TASK DETAILS
What needs reproducing is the run of lines in the data below starting at the line with "A jewel-box dressing" and ending at the line with "Mature woman with", both ends included. Copy it exactly, without pictures, and add nothing.

Records drawn from a dataset
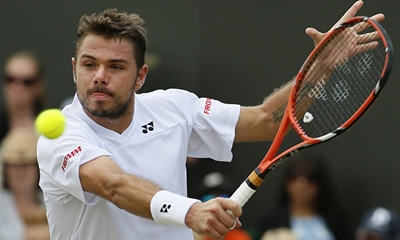 Wawrinka advances, Berdych stunned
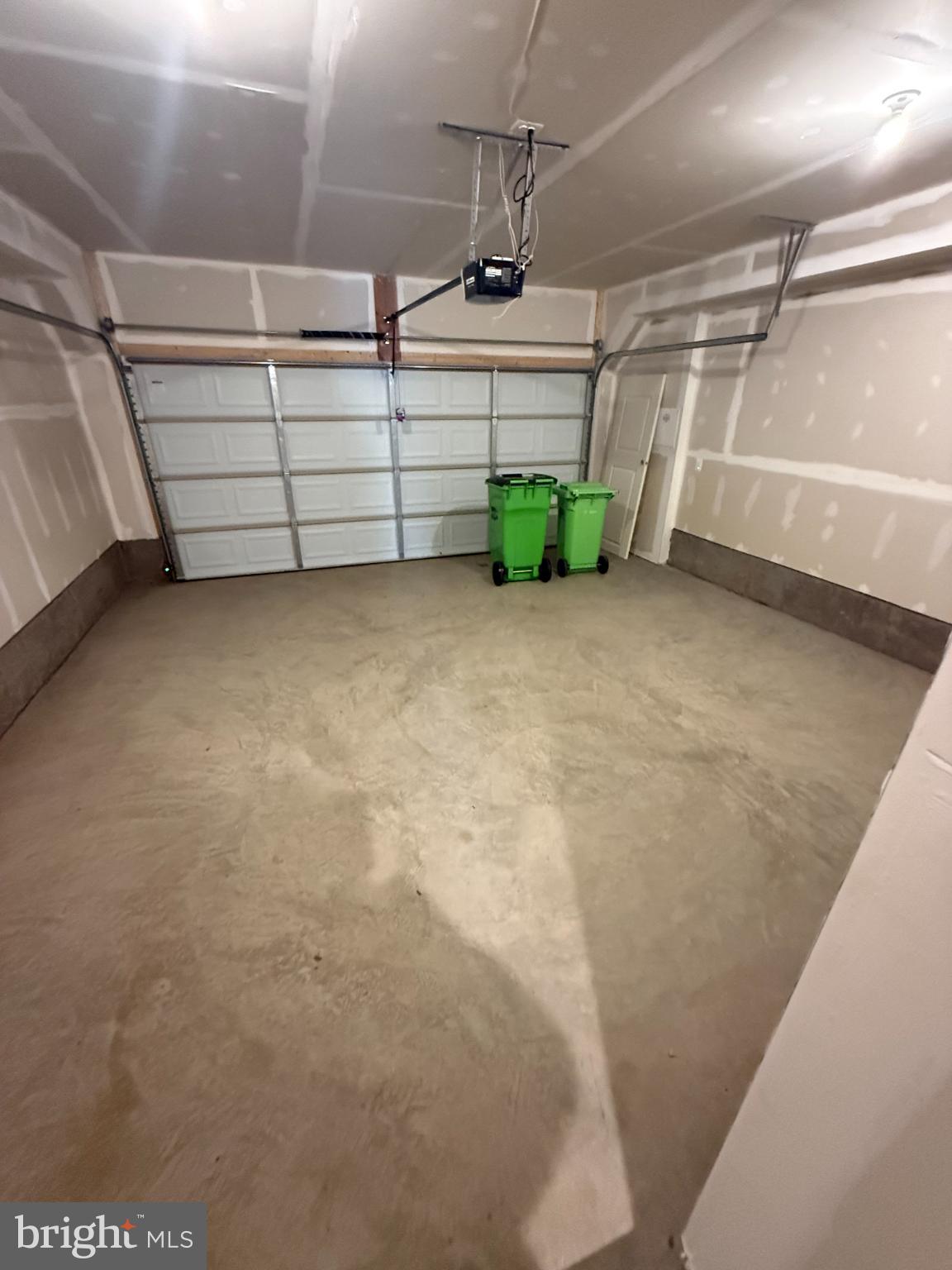 2108 Acadia Road Herndon, VA 20170 - Photo 21 of 21 Spacious garage with clean, unfinished walls.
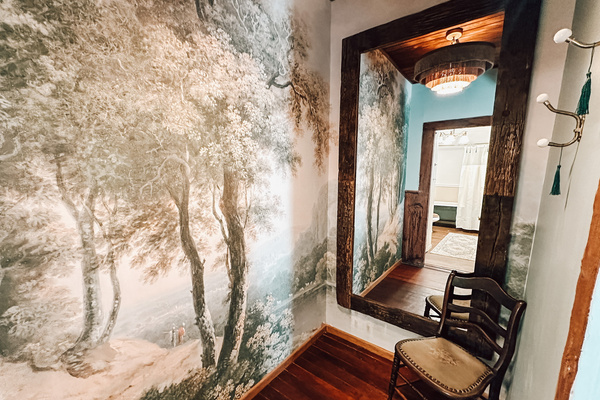 A jewel-box dressing room wrapped in a dreamy woodland mural, with a full-length mirror and direct passage from the first-floor primary to its private bath. Because even getting dressed should feel like part of the escape.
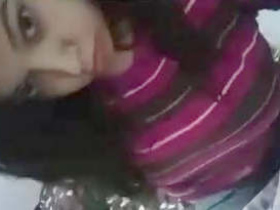 Randi flaunts her breasts in a provocative manner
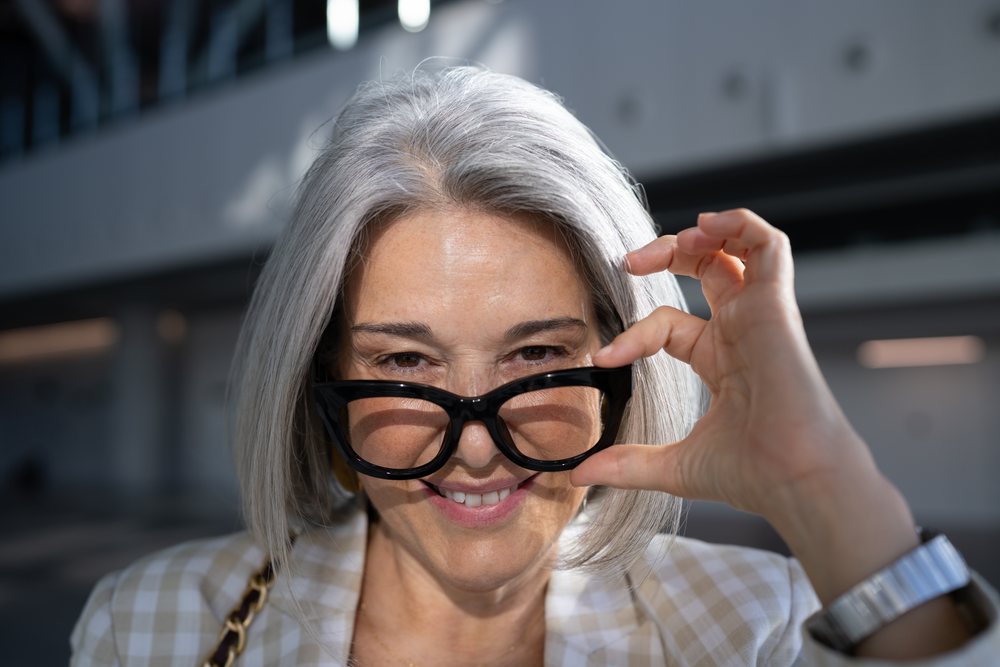 Mature woman with gray hair smiling and adjusting her black eyeglasses outdoors in an urban setting, businesswoman, Spain, Madrid.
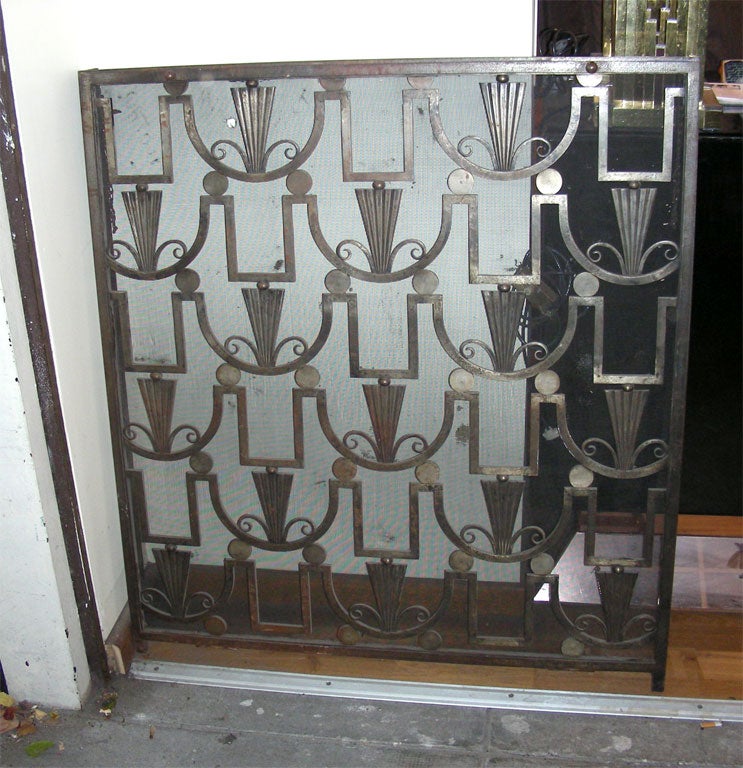 Handsome wrought iron gate from 1925 stamped by Edgar Brandt. Used to hide a radiator. Original patina, not cleaned.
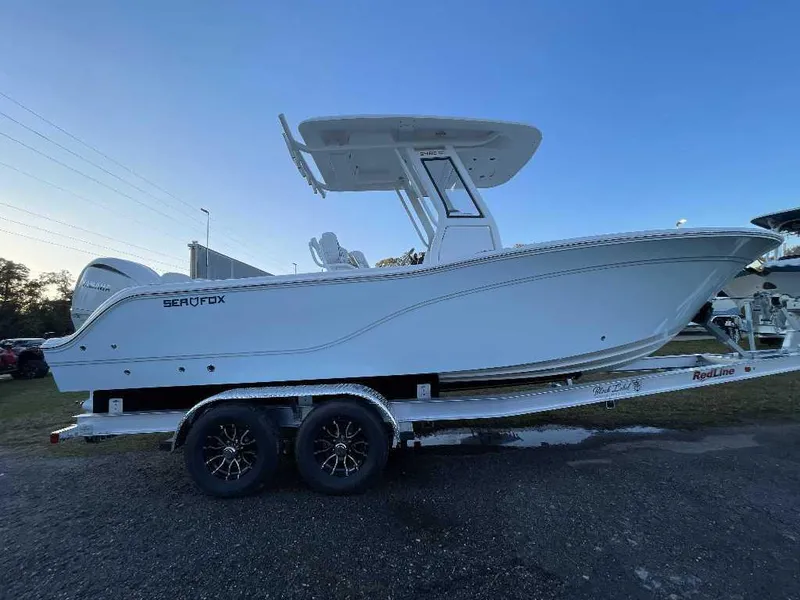Slide: The Image of 2025 Sea Fox 248 Commander boat on trailer, side view at sunset. - 3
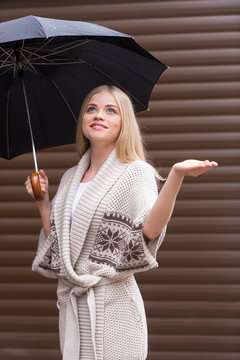Girl with umbrella. Beautiful young blond hair woman holding umb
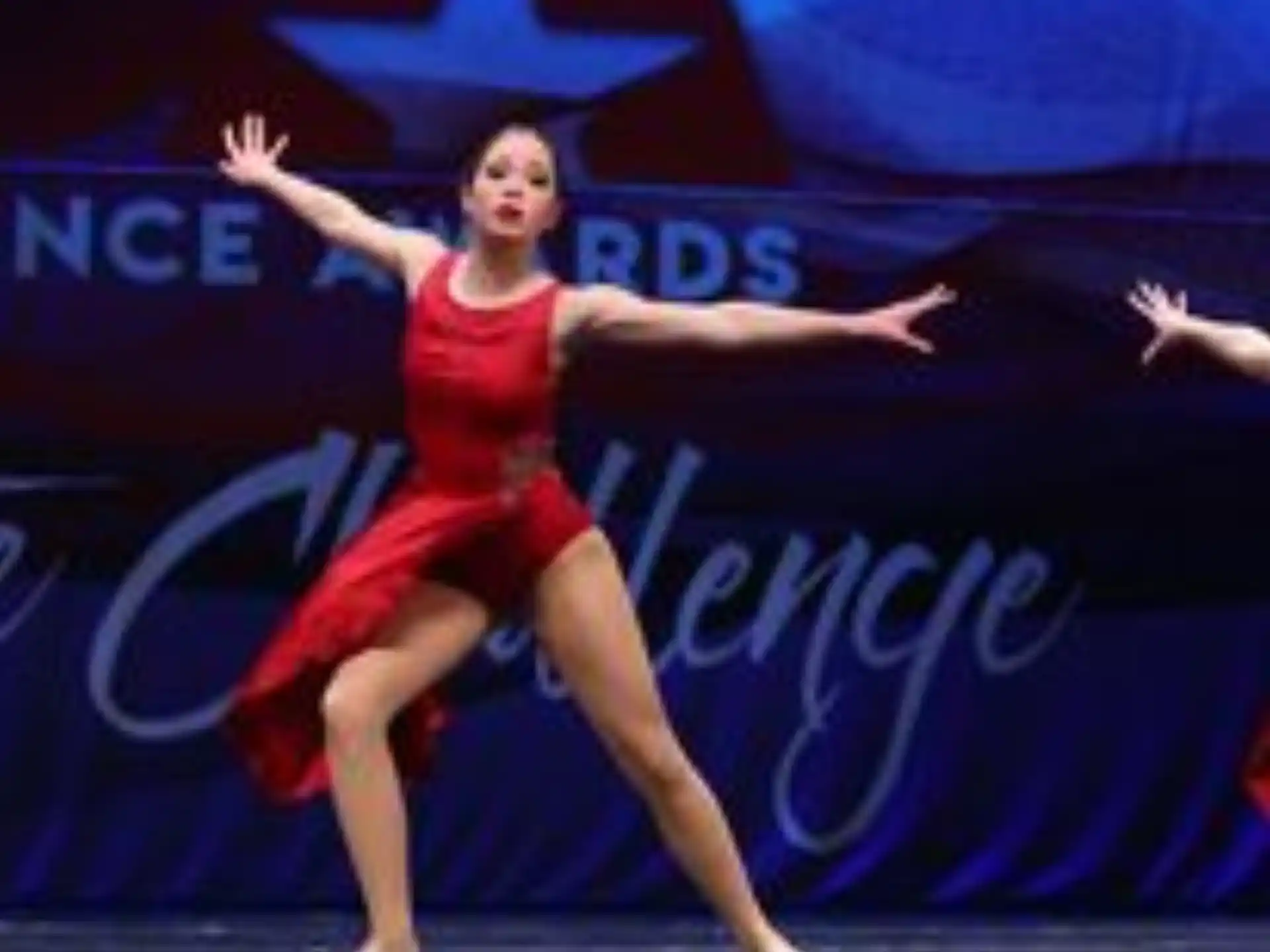 a woman in a red dress dancing on a stage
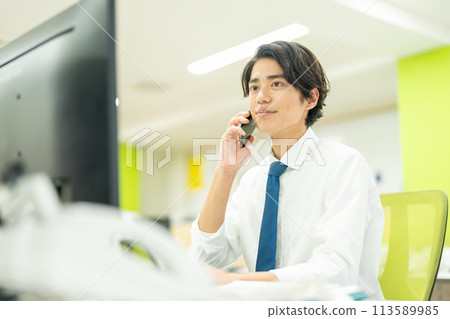 一個年輕的商人在辦公室打電話 113589985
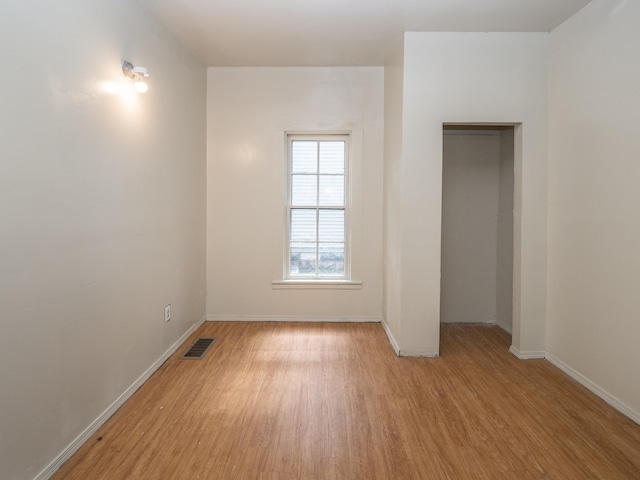 unfurnished room featuring light wood-type flooring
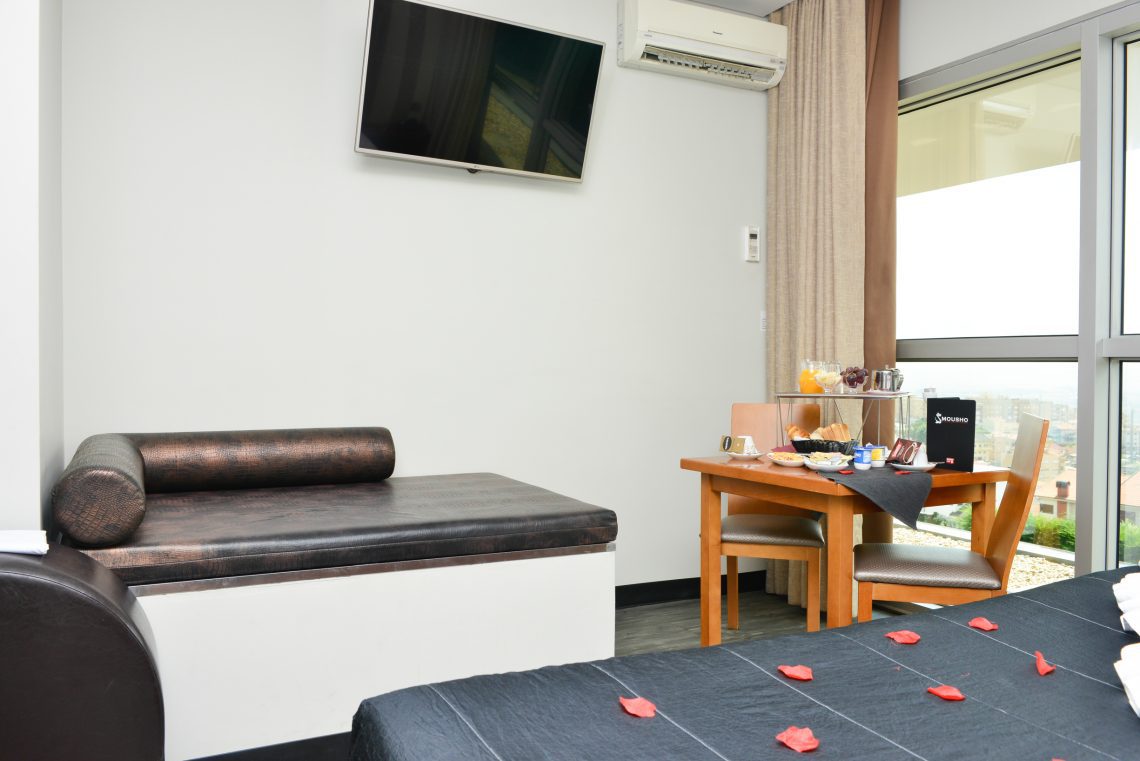 Sofá, televisão e mesa de pequeno-almoço na suite Clássica do Motel Alto de Valongo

EXPECTED ANSWER
 A jewel-box dressing room wrapped in a dreamy woodland mural, with a full-length mirror and direct passage from the first-floor primary to its private bath. Because even getting dressed should feel like part of the escape.
 Randi flaunts her breasts in a provocative manner
 Mature woman with gray hair smiling and adjusting her black eyeglasses outdoors in an urban setting, businesswoman, Spain, Madrid.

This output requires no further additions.